→ **What to work on**
Check every line of the records below for the string "with" and copy the ones that have it.

Scraped caption text data
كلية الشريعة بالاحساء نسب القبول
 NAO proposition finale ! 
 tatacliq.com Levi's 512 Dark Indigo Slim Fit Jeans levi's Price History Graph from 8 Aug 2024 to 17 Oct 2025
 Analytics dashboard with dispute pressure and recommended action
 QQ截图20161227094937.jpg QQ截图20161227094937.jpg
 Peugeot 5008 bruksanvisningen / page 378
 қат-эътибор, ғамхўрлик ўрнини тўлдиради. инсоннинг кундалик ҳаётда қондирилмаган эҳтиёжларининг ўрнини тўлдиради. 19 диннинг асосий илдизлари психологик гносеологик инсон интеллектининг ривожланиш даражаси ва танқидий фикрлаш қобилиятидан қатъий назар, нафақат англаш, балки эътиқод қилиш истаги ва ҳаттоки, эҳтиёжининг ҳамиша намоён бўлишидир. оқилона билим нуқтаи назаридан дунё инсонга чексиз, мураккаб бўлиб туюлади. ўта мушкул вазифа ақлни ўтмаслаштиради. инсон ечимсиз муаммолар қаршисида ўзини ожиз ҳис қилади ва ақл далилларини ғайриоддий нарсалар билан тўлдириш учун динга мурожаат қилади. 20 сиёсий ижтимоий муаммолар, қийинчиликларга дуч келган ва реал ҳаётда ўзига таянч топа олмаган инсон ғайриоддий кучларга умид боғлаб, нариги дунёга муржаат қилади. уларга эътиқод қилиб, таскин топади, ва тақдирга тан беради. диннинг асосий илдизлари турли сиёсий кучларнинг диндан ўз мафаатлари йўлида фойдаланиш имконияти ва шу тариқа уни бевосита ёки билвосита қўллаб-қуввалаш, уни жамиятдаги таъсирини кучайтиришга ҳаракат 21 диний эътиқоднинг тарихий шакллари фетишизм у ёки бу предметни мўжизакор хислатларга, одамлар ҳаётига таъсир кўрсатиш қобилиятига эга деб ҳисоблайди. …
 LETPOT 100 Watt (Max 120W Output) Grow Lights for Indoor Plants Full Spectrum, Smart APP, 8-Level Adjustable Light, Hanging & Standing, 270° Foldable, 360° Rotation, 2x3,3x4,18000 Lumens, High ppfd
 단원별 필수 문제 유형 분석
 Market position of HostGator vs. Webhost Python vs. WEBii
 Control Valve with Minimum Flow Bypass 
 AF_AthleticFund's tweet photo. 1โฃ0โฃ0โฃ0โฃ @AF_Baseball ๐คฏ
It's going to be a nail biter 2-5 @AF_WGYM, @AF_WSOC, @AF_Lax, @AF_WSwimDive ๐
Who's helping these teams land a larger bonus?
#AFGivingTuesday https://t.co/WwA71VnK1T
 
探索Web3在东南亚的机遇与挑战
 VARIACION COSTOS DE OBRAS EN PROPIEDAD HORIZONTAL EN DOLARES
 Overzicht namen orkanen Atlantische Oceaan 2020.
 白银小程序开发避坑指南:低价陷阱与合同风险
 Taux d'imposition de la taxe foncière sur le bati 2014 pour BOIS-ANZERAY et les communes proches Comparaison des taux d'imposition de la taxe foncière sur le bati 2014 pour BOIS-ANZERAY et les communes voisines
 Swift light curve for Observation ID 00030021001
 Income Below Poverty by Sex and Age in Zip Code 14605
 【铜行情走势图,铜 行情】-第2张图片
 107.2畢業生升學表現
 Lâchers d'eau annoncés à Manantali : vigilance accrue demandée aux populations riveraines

→ **Answer to this problem**
 Analytics dashboard with dispute pressure and recommended action
 Control Valve with Minimum Flow Bypass 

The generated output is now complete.